Web page caption snippets:
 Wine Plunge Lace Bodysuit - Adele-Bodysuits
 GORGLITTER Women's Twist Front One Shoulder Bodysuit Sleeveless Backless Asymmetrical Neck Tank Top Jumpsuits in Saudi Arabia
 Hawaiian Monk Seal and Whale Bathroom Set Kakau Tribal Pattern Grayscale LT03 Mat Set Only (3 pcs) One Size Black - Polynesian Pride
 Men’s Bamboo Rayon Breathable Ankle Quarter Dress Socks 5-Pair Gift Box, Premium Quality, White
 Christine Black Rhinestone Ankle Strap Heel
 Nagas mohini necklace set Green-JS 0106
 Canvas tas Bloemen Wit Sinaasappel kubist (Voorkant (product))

--

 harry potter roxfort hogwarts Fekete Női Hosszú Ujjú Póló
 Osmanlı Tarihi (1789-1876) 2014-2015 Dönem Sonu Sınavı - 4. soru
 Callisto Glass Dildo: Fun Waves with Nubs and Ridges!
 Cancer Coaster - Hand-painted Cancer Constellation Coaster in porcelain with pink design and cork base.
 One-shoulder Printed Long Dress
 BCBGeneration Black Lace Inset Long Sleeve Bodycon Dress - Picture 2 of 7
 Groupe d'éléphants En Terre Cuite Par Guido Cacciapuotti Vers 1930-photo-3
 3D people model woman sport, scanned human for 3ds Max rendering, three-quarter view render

YOUR OBJECTIVE> In the data above, which lines lie between the line with "Groupe d'éléphants En" and the line with "3D people model", inclusive? Print those lines exactly and nothing else.

THE ANSWER>
 Groupe d'éléphants En Terre Cuite Par Guido Cacciapuotti Vers 1930-photo-3
 3D people model woman sport, scanned human for 3ds Max rendering, three-quarter view render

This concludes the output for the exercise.